Inside the horror game that wants to lower your anxiety

Inside the horror game that wants to lower your anxiety

If there’s one thing games excel at, it’s scaring the bejesus out of me. Because they frequently involve zombies and fighting and cruel, relentless mortality, they have a knack at overexciting our pituitary glands. That gave Erin Reynolds an idea: Maybe by hooking up players to a game with a wearable device, she could put all that simulated fright to good use.

A few years ago, Reynolds started development on Nevermind, a spooky, surreal, first-person game for PC. Though it takes cues from Myst, the game is aimed at helping those who suffer from disorders like anxiety and panic attacks. Biometric data is collected from a Garmin heart monitor strapped to a player’s chest and fed directly into the game, creating a phantasmagoric nightmare that reacts in real time, where players can practice different coping techniques. “Is it deep breaths, going to your happy place, thinking of the beach, or closing your eyes?” explains Reynolds, who previously was a game artist and designer at Zynga and Disney. “If I’m playing a horror game, I’ll have all the lights on and bouquet of flowers and some kittens next to me!”

The advantage Nevermind has over other technology aimed at reducing anxiety and stress—such as the Stress Doctor app by Azumio, which takes your pulse from your finger when placed over a phone’s camera—is that it gives your nerves a real, honest-to-goodness jolt. “The hope is by subjecting yourself to all sorts of really unpleasant things, you learn to calm yourself down,” she says, describing a scene from the game where a spooky kitchen is gradually flooded with milk when you’re unable to quiet your nerves. As the 2% rises, it at first impedes movement, then impairs your vision, and eventually drowns your character.

Playtests show that anxiety spikes for players when in the dark, during gotcha moments, and when put under pressure.

The game listens to how anxious you are, cranking up the chills and milk spills until you steady the ship.
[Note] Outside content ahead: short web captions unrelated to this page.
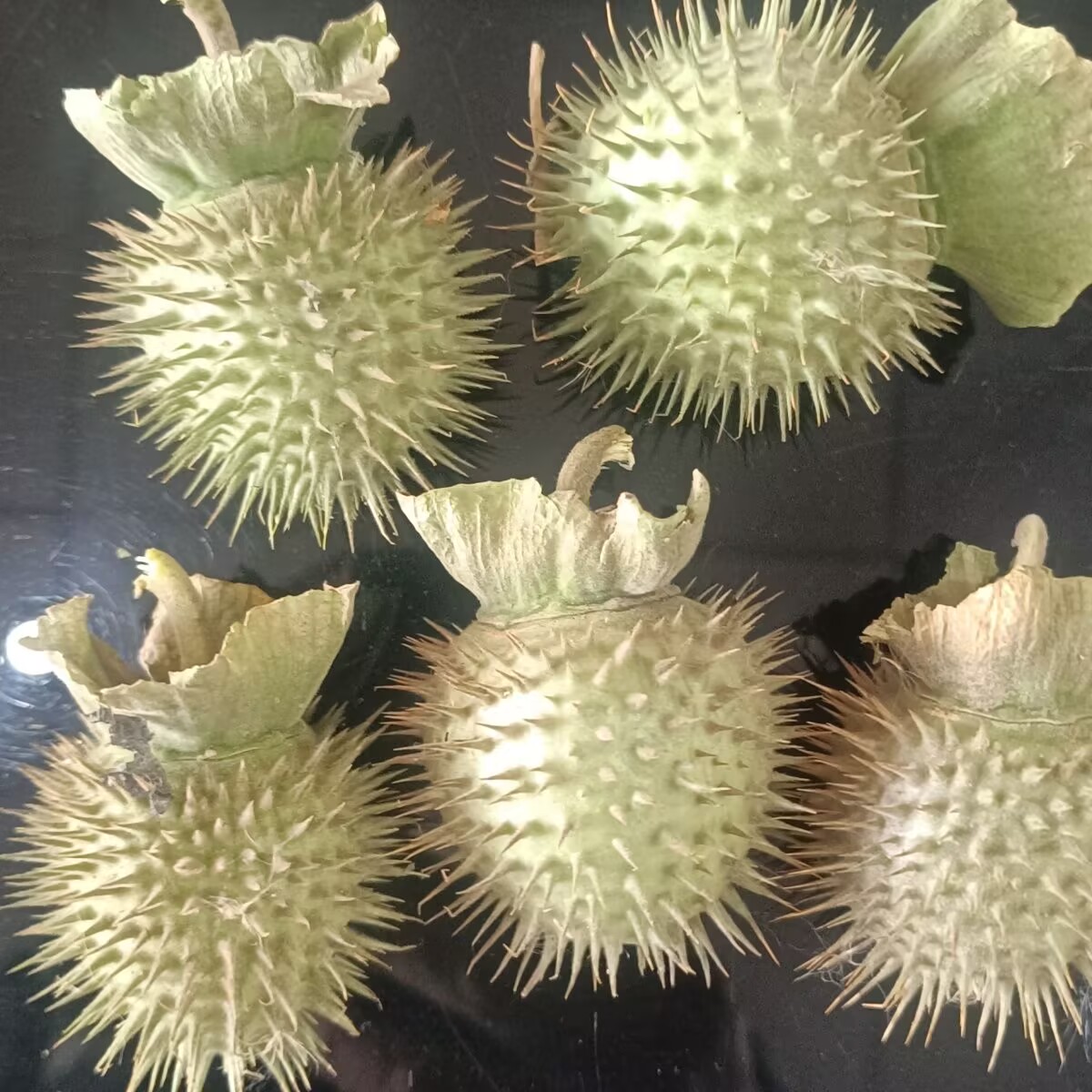 Biji Datura Kering Alami Berku - Candle Making And Perfume ulasan dan harga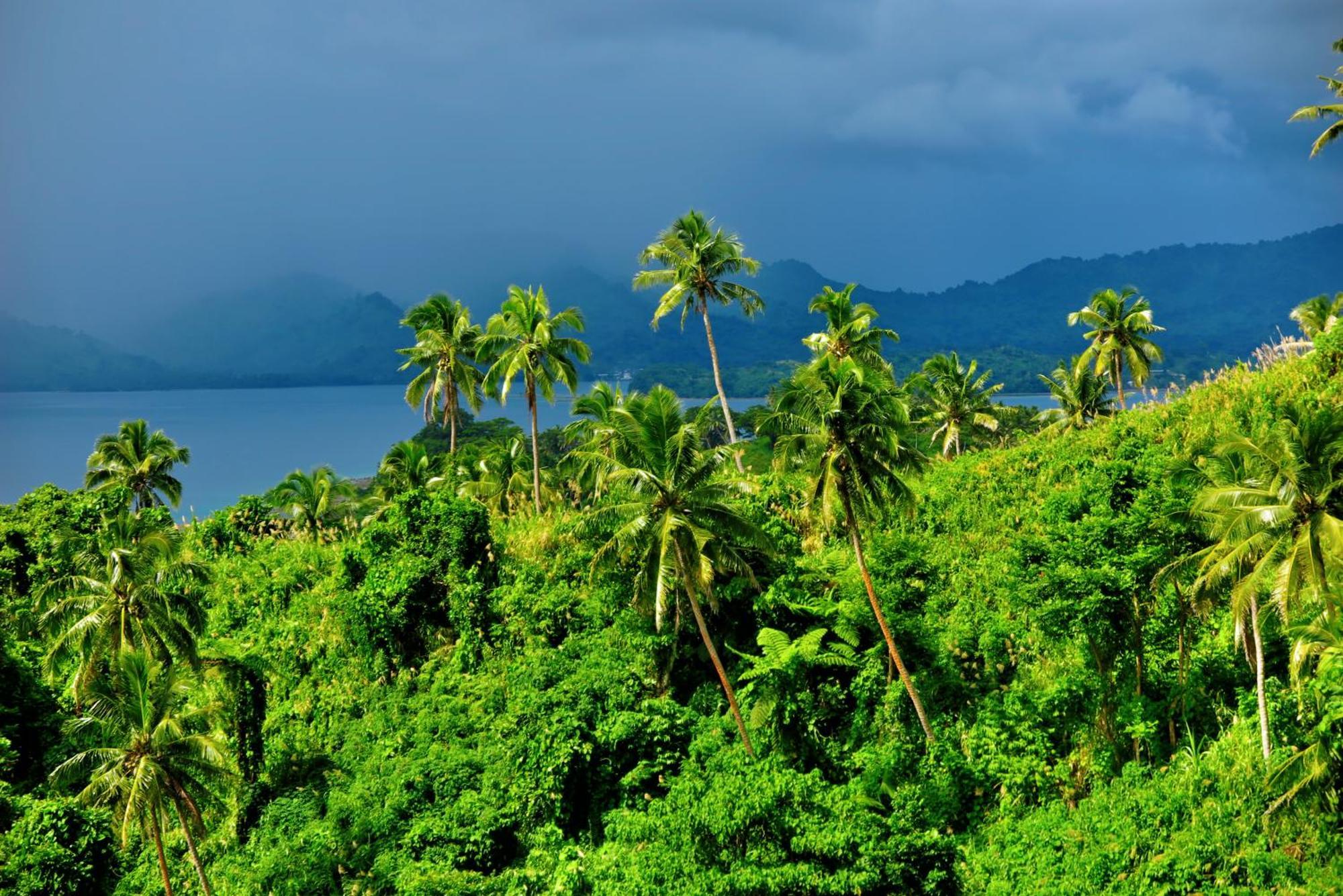 Hotel Latui Loft Savusavu Zewnętrze zdjęcie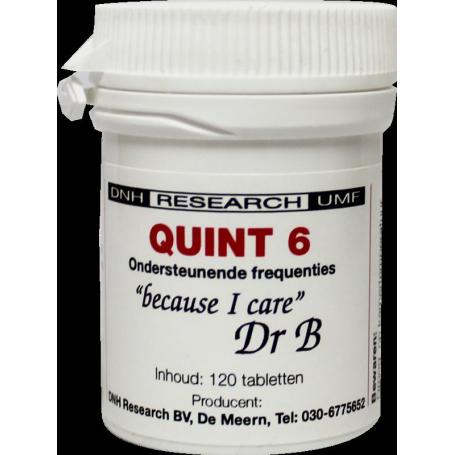 Quint 6 van DNH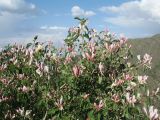 Lonicera tatarica. Ветви цветущего растения (= Lonicera karataviensis Pavlov). Казахстан, хр. Сырдарьинский Каратау, верховья ущ. Беркара, ≈ 1350 м н.у.м., скалистый склон юго-вост. экспозиции, locus classicus Lonicera karataviensis. 27 мая 2021 г.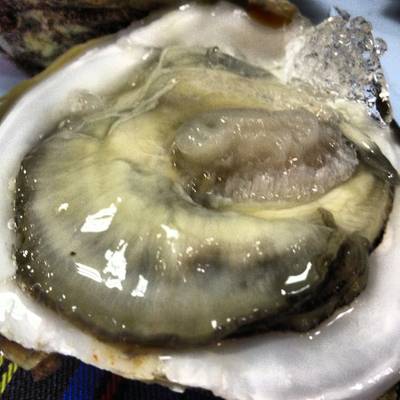 หอยนางรม สดครับ ที่ ร้านอาหาร ช่องเขา ซีฟู๊ด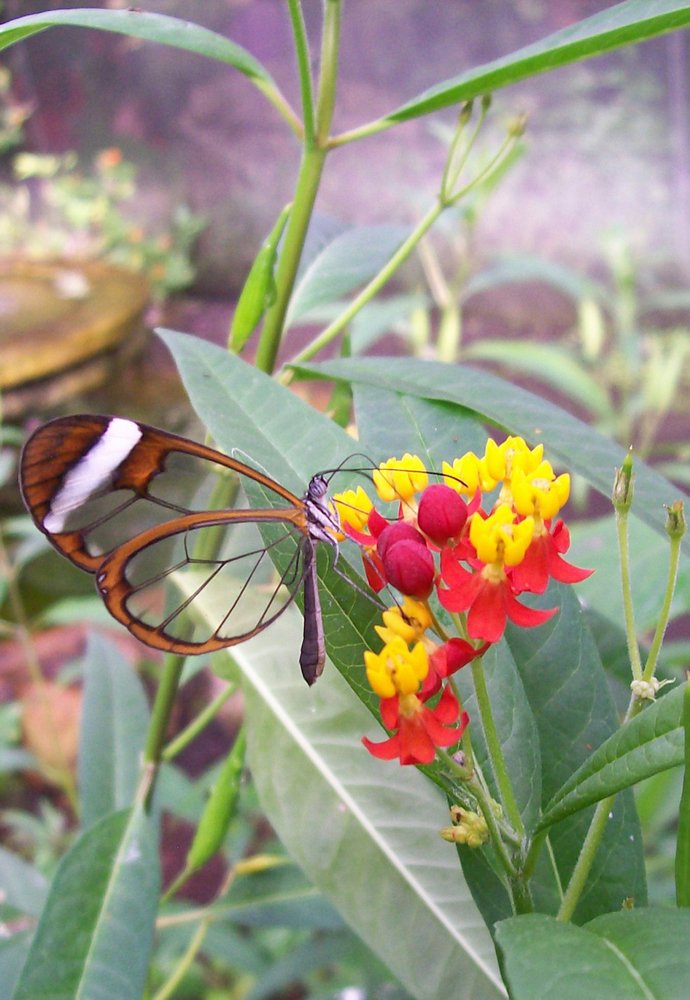 Photograph by Хвостов владимир Владимирович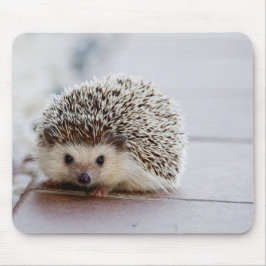 Hérisson Mignon, Tapis de Souris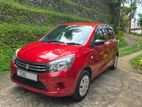 Suzuki Celerio 2024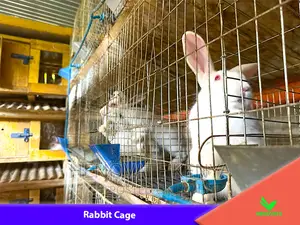 Rabbit (Cage in Kenya Farm.)Brand New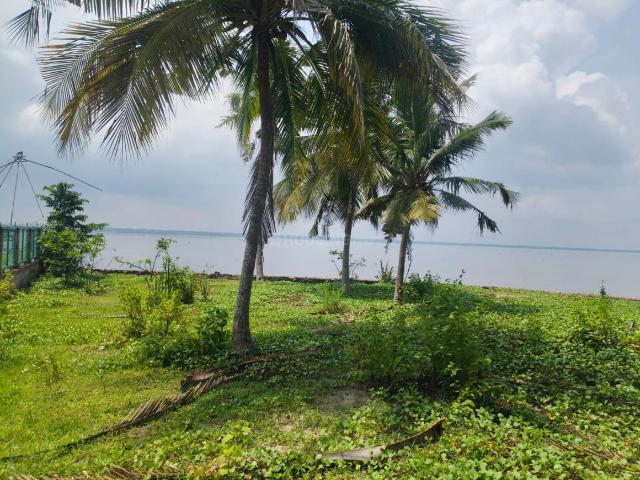 Residential Plot in Panangad for resale Kochi. The reference number is 21006419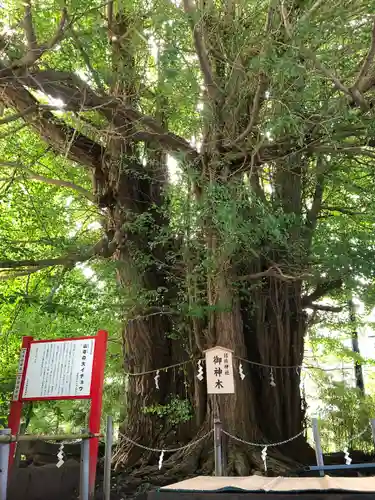 山寺日枝神社(山形県)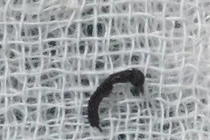 Hãi hùng pha “bắt” kiến xuyên thủng màng nhĩ bé gái 10 tuổi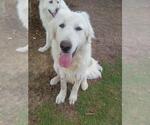 Small Photo #12 Great Pyrenees Puppy For Sale in Spring, TX, USA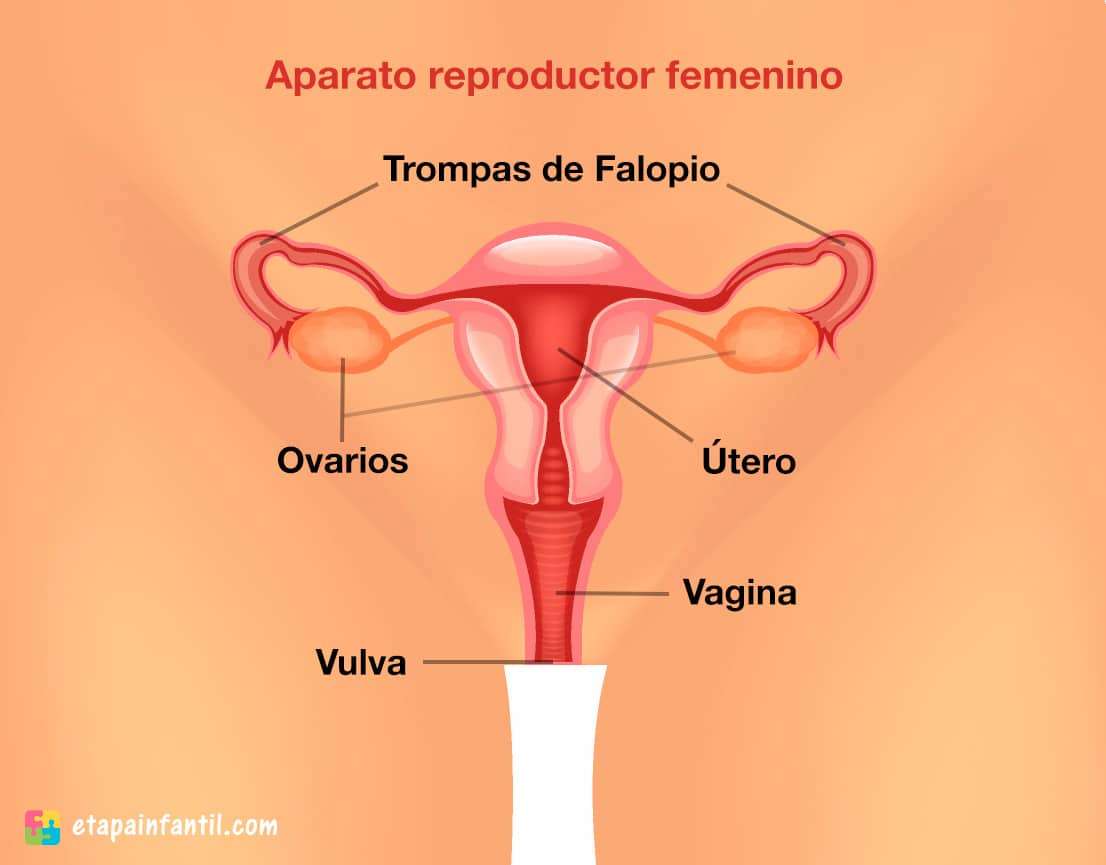 APARATO REPRODUCTOR FEMENINO rompecabezas en línea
Playtests show that anxiety spikes for players when in the dark, during gotcha moments, and when put under pressure. Specifically, the game is looking at heart rate variability—not the speed of your ticker, but the distance between each individual beat. Research has found that when people are calm, alert, and happy, their heart rate is inconsistent, with the sympathetic nervous system (which triggers the fight-or-flight response) and the parasympathetic nervous system (which among other things stimulates sexual appetite and helps you relax after a big meal) revving and stalling the heart.

“You want your heart rate to look something like fast, fast, slow, slow, fast, slow, slow,” says Reynolds. But get stressed and your heart takes off, which “is a good thing if you’re being chased by a tiger, but not a good thing if an email is stressing you out.” That said, she doesn’t want the pendulum to swing too far in the other direction either. “That would just be a slow, slow, slow, meditative state,” she says. “If players get into a meditative state while playing a horror game, then we’ve done something very wrong!”

While Nevermind has yet to be tested in a clinical trial, Reynolds is excited about that prospect as she continues to work on giving her players therapeutic heart rates. Right now, there’s only one level: you assume the role of a neuropsychologist, crawling inside the subconscious mind of a PTSD patient to collect lost memories, which represent the psychological trauma of those who repress terrible things.

Reynolds hopes to have the game tackle obsessive-compulsive disorder, separation anxiety, and childhood anxiety.

Depending on the success of the game’s ongoing Kickstarter campaign, there will be more levels—eventually some that are custom-made for individuals with specific anxiety disorders. Reynolds hopes to have the game tackle obsessive-compulsive disorder, separation anxiety, and childhood anxiety, because the game is too scary for anyone under fifteen. But what about those of us who are for the most part anxiety-free? Think of Nevermind instead as Inception where you repair broken memories rather than steal dreams. That still sounds pretty scary to me.